Considering the study's setting in rural communities surrounding Hyderabad, India, there was no accurate census data. As a result, JPAL commissioned a hasty baseline survey in order to attain basic information by which to determine eligible neighborhoods. With the intention of surveying 20 households per neighborhood, field officers mapped prospective communities and selected every nth house. Ultimately, 2,800 households were surveyed and 104 neighborhoods deemed eligible. Of these, communities were paired by common characteristics with one of each couple allocated to the treatment group to host a newly created Spandana branch. With the experimental groups thus created, field officers conducted two comprehensive household surveys (65 homes per neighborhood for a total of 6,850) spaced one and three years following the initial introduction of Spandana. The homes selected were those with the highest likelihood of having borrowed: residents of the area for a minimum of three years with at least one woman between the ages of 18 and 55. The latter of these two assessments constitutes the final endline survey from which I derived my cross-sectional data set.

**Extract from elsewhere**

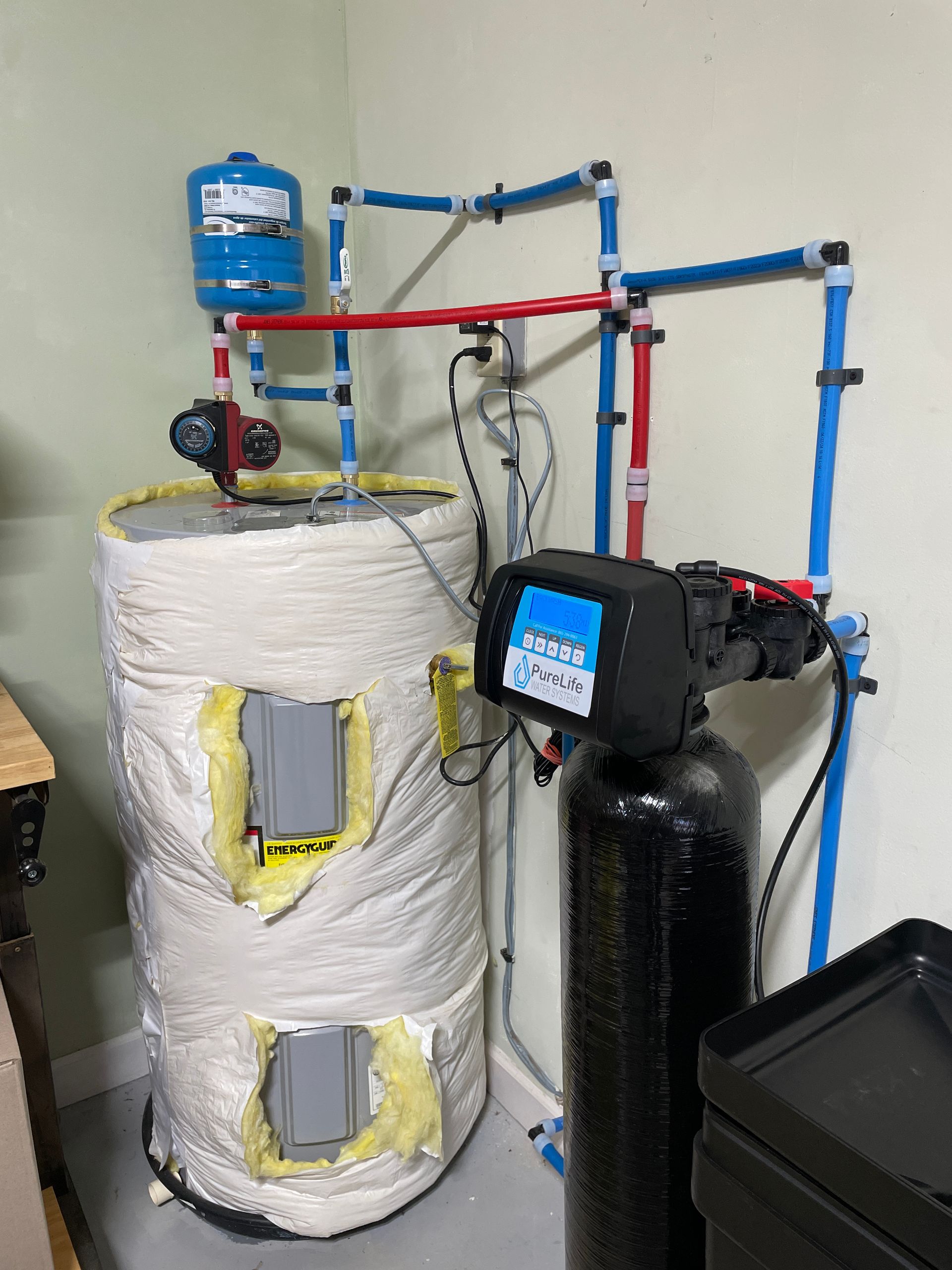 A water heater is sitting in a room next to a water softener.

While the comprehensive nature of the endline survey largely mitigates the threat of sampling error (nearly every household eligible to receive a microfinance loan was assessed), survey data is inherently flawed due to the prevalence of measurement error. Namely, while the dependent variable is a simple question of whether or not the individual has taken a microloan in the past three years, the key explanatory variable (the number of days lost to illness in a year) is more difficult to precisely recall. Because I opted to construct a binary variable deeming "healthy" those individuals with fewer than 15 working days lost to illness, such rounding error is significant on the margin of healthy and unhealthy. That being said, there should be an equal likelihood that surveyed individuals either under or overestimate the number of days ill, so the overarching effect should be minimal. Additionally, rounding error in the endline survey is prevalent in the valuation of one's household assets. Similar to the reported number of sick days, issues arise on the margin of low and medium wealth (1,700 rupees). As may be referenced in the attached summary statistics (Appendix A), the percentage of individuals deemed to be of medium wealth and the percent considered of low wealth are fairly equal. Considering the relative poverty that makes these neighborhoods desirable for microfinance involvement, these findings could potentially be skewed to wards higher wealth by social desirability bias. Furthermore, the percentage of households receiving family assistance (conspicuously low despite the historic prevalence of such informal insurance networks), may also suggest a slight social desirability bias towards perceived self reliance.

Ultimately, the meticulous construction of the randomized controlled trial from which my data is derived reaffirms its ability to produce useful results. While some measurement error may stem from the data being survey based, rounding error and social desirability bias should have minimal effects on the few explanatory variables that require more specific reflection. Namely, rounding may conceivably occur either above or below the true value, and the relatively uniform poverty of the area in question should minimize the desire to artificially inflate one's wealth. Otherwise, the comprehensive screening of randomly selected control and treatment groups should ensure a representative sample with sufficient variation in the explanatory variables to produce meaningful results.